La clôture de l'instruction est intervenue le 1er septembre 2021.

 

MOTIFS (justification de la décision)                                  (N.B. : mention ne figurant pas sur l’original)

MOTIFS DE LA DÉCISION :

Sur la demande relative à la facturation de l'eau :

Dans la présente affaire, l'ASL a contracté avec la SAS SAUR le 31/01/2013, au moyen d'une « facture d`abonnement » de 32,10 euros, pour laquelle il était spécifié dans le règlement de la SAS SAUR qu'elle valait contrat et acceptation des conditions de fourniture de l'eau conformément au règlement de service joint à la facture.

Ce contrat est lié au compteur n° 011618, et il a donné lieu à émission d'une facture en date du 6 décembre 2013, pour un montant de 8.558,55 euros (relevé de 5.593 m³ le 15 octobre 2013), ainsi qu'à celle de 1.355,82 euros (relevé de 887 m³ le 16 octobre 2014).

Dans le cadre de sa contestation, l'ASL doit rapporter la preuve que les facturations sont injustifiées (relevés erronés, ou consommations ne lui incombant pas).

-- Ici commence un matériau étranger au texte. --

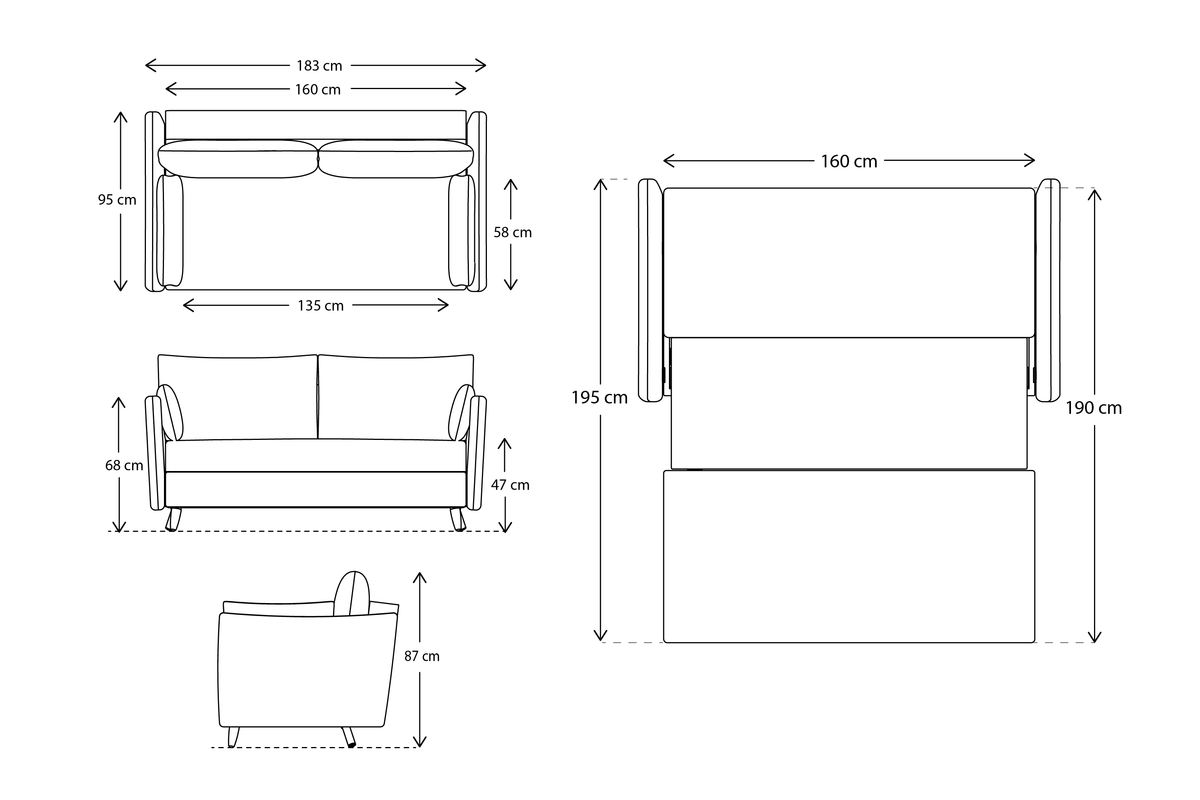 Model 08 2.5-Seater Sofa Bed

En se fondant sur l'expertise judiciaire de Mme D., l'ASL affirme qu'elle aurait dû, dès le départ, bénéficier d'un compteur individuel et d'une comptabilisation réelle de l'eau qu'elle utilise.

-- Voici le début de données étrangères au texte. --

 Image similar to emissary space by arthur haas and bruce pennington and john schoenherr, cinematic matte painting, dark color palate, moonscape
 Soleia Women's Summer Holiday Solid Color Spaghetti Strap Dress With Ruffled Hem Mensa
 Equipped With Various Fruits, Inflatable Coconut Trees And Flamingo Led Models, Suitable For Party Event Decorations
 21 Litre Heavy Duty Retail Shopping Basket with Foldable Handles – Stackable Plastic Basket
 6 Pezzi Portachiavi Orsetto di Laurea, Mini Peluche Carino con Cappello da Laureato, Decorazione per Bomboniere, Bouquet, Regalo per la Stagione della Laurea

Or, il a été mis en place par la SAS SAUR une facturation fondée sur un calcul différentiel entre le compteur général et les compteurs individuels.

Pour tenter de justifier ses modalités de facturation, la SAS SAUR prétend que le chiffrage donné par le compteur général, rattaché au contrat d'abonnement de l'ASL, fait foi, indépendamment de l'existence des compteurs privés, qu'elle qualifie simplement de sous-compteurs.

La SAS SAUR indique aussi que l'association est responsable du réseau de canalisations installé sur son terrain privé et elle s'appuie en cela sur les dispositions de son règlement du service de l'eau, et sur la définition de « l'ensemble immobilier » réunissant les membres de l'ASL comme étant une « copropriété horizontale » et qui rendrait sans objet l'argumentation de l'expert judiciaire, lequel aurait également outrepassé sa mission.

Force est de constater que l'existence du contrat n'est pas contestée, et que cette absence de contestation emporte acceptation du règlement du service des eaux dont l'abonné a accusé réception lors du paiement de la première facture (32,10 euros dans le cas de l'ASL Le Clos des Sources).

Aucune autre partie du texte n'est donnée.